My goal is to parse my sftp logs, match the pid to the user name, then generate a list of what that user downloaded and how many times they downloaded it.
I've found the 2 parts of the puzzle but now I need to put them together. I have SFTP logs that look like so:
May 12 11:09:17 sftp2 internal-sftp: session opened for local user sftp_user from ip
May 12 11:09:24 sftp2 internal-sftp: open "/home/bla/ubuntu-10.04-alternate-amd64.iso" flags WRITE,CREATE,TRUNCATE mode 0644
May 12 16:16:54 sftp2 internal-sftp: open "/home/boo/UPLOADFILE" flags WRITE,CREATE,TRUNCATE mode 0755
What I would like to do is first match the PID to the name which I have found I can do with this:
host=sftpserver source=/var/log/sftp.log | stats first(sftp_action) as sftp_action first(sftp_user) as sftp_user by sftp_pid
and then I would like to be able to create a list by sftp_user that lists all of the files (extracted as sftp_file) that a user has run the "open" action on (I extracted the action field as sftp_action). This command does almost what I need except for the part where it doesn't match the sftp_pid to the sftp_user:
host=sftpserver source=/var/log/sftp.log sftp_action=open | stats count values(sftp_file) by sftp_pid
I keep trying different combinations but have yet to come up with anything that has all of the output I'm looking for.

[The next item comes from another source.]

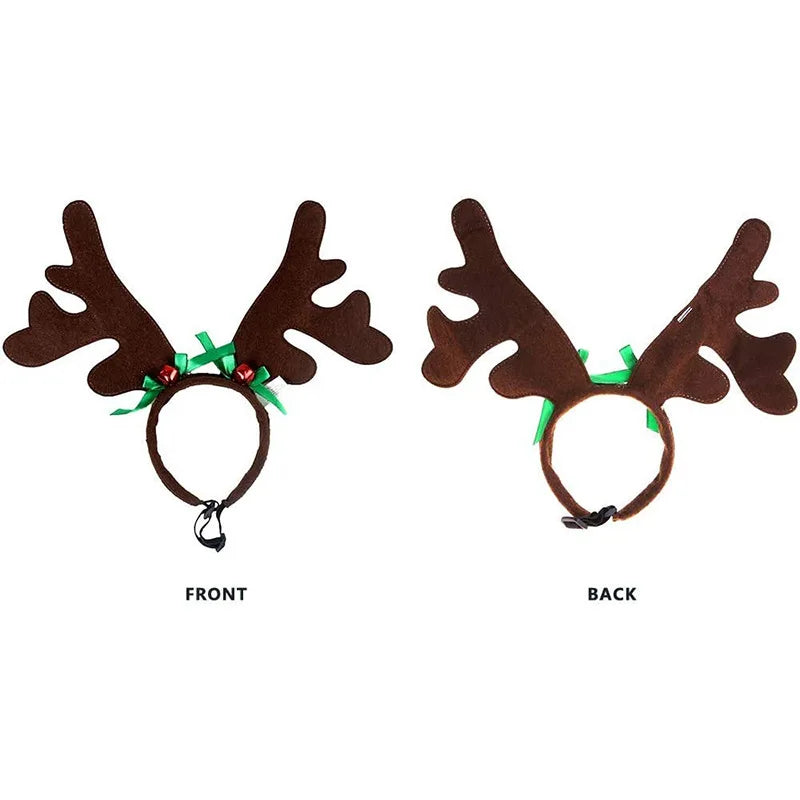 Elk Reindeer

Sorry the messed up line breaks have been fixed and you may now be able to better see the issue. The user ID is not always matched to the PID. The first line in the example log I posted contains the PID and the user name but that only happens when the user logs in. After that, as demonstrated in the 2nd and 3rd lines, there's only a PID (unique to that user's session). So I can get the PID to match the user name by using:
| stats count values(sftp_file) by sftp_pid
but now I need to see a list of opened items (in lines 2 and 3 of my example) catagorized by sftp_user. Make more sense now?